Broward News

Should South Florida Churches Pay Tax if They Deny Gay Marriage?

Tony Verdugo is a sore loser. As executive director of the South Florida-based Christian Family Coalition, he has spent the past month searching for legal loopholes so churches can deny the U.S. Supreme Court ruling on gay marriages and maintain their tax-exempt status.

Last month, his ultraconservative group hosted “Marriage Protection Councils” across Florida, where lawyers explained how to update the fine print in their paperwork so churches could continue to deny gay marriages and not get sued.
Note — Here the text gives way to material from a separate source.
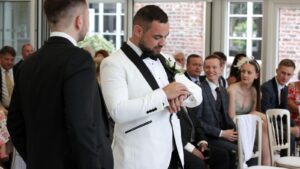 groom checks watch before wedding ceremony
A few weeks later, he launched a petition titled “Clergy and Religious Institution Protection Act.” Yesterday, the group announced that 2,000 people had signed the petition. Once 2,500 people sign, it will head to Gov. Rick Scott, Florida State Senate President Andy Gardiner, and Speaker of the Florida House of Representatives Hon. Steve Crisafulli.

“This bill will reaffirm the freedom of religion and reinforce that religious entity’s tax-exempt status will not be taken away should they refuse to solemnize any marriage that is contrary to their religious belief,” the petition declares. “Until such protections are codified under law, there is ambiguity.”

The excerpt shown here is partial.